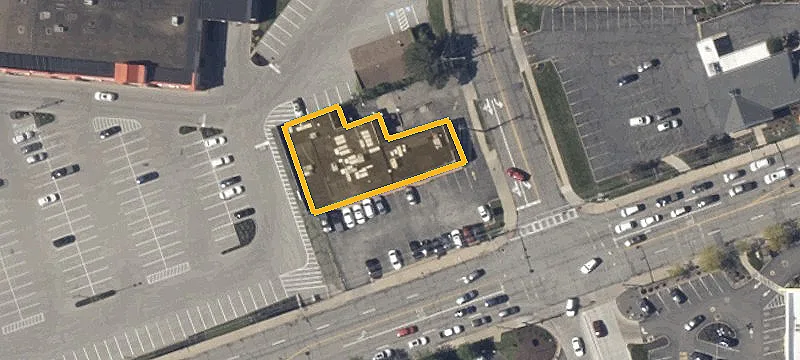 21808 Ctr Rdg Rd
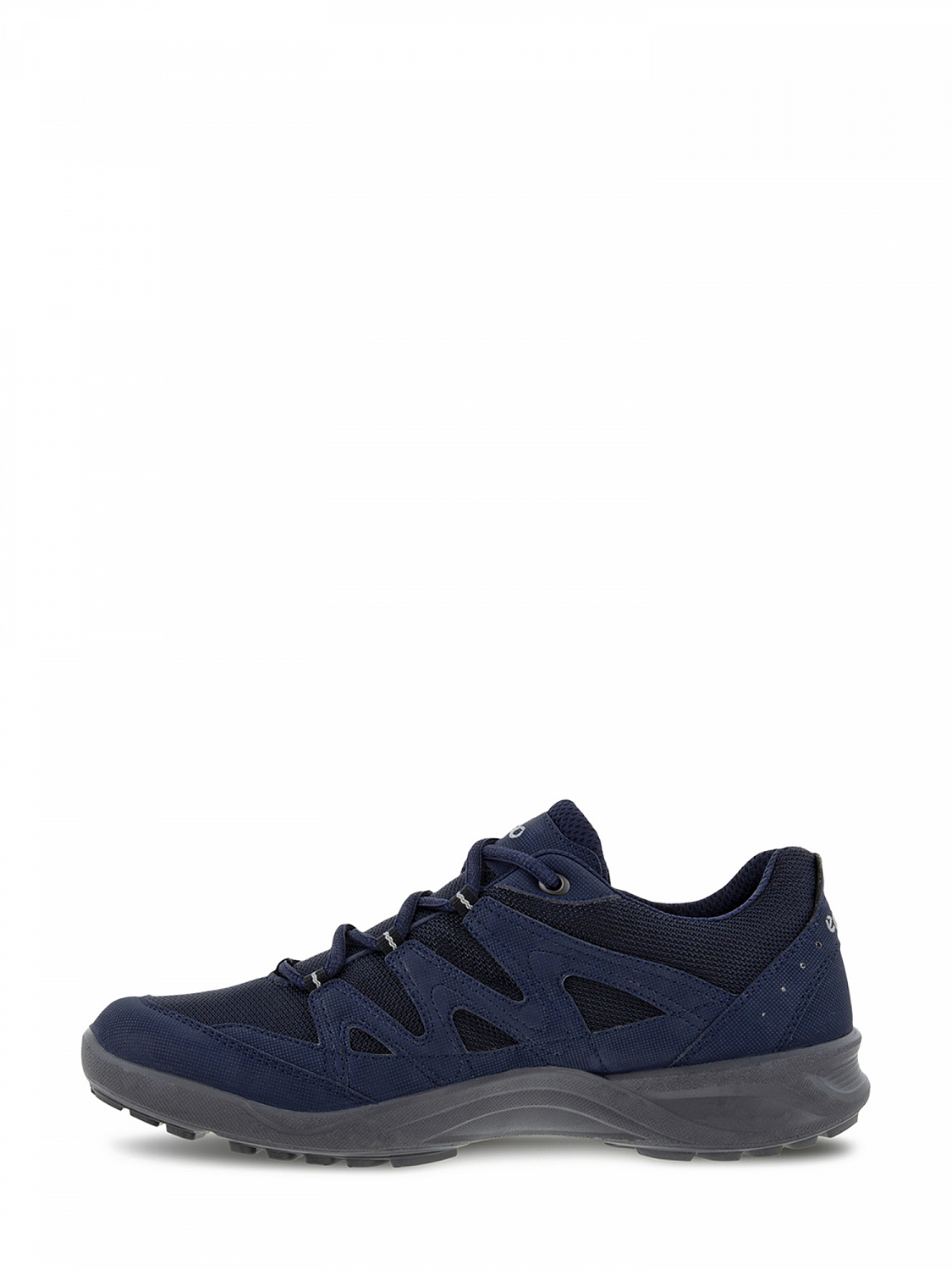 Ecco Terracruise Gore-tex Tursko
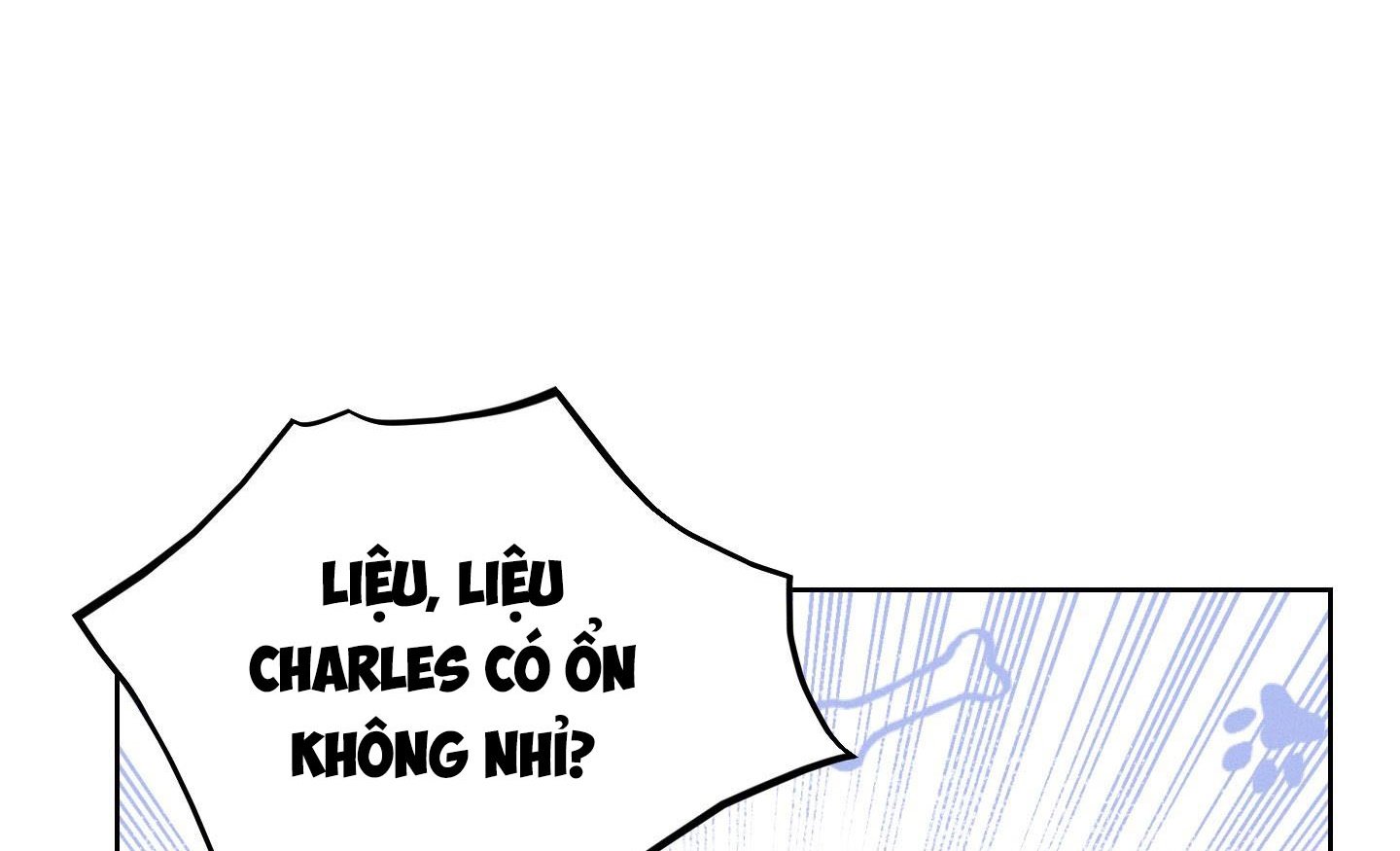 Tháng 12 Của Tôi Chapter 36 - Trang 37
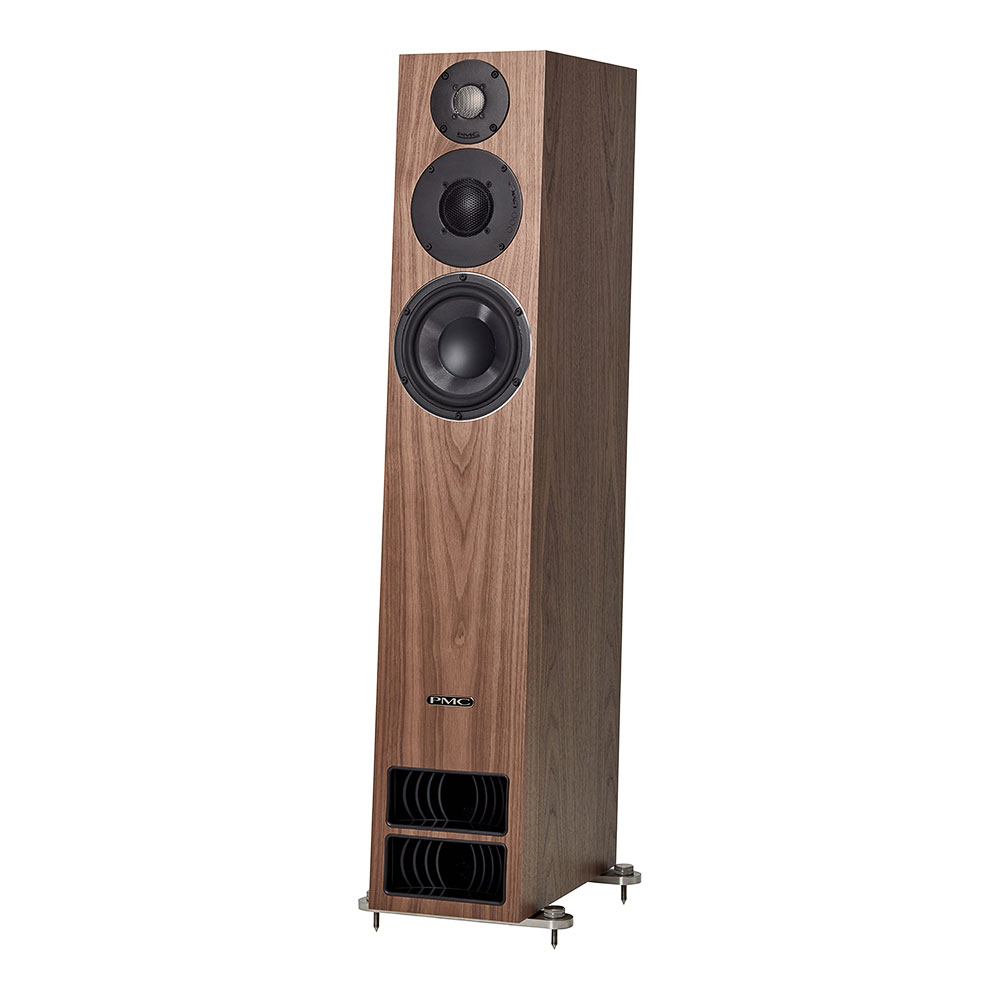 PMC Twenty5 26i 14 PMC Twenty5 26i – Image 14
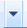 embedded-image-ggut1rao.png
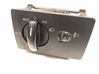 Light switch 7M5T13A024EA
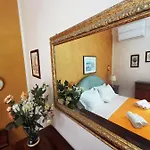 Nesea Naxos - Sicilian Сasa de vacaciones *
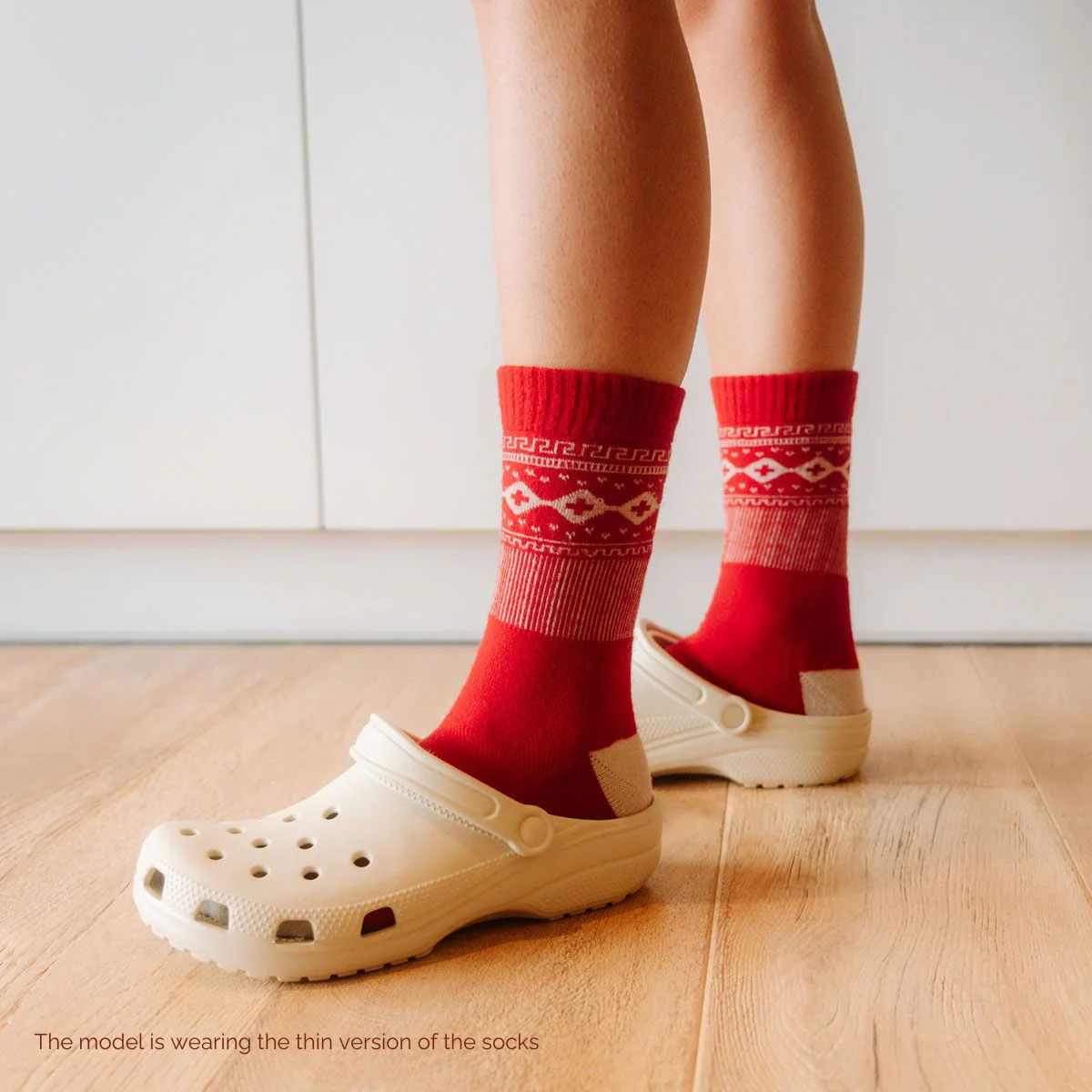 Adventurer (2 paia) - Image 5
————
EXERCISE REQUIREMENTS
Keep pictures out and return the lines from the one containing "PMC Twenty5 26i 14" through the end of the listing, both included, character for character.

RESPONSE
 PMC Twenty5 26i 14 PMC Twenty5 26i – Image 14
 embedded-image-ggut1rao.png
 Light switch 7M5T13A024EA
 Nesea Naxos - Sicilian Сasa de vacaciones *
 Adventurer (2 paia) - Image 5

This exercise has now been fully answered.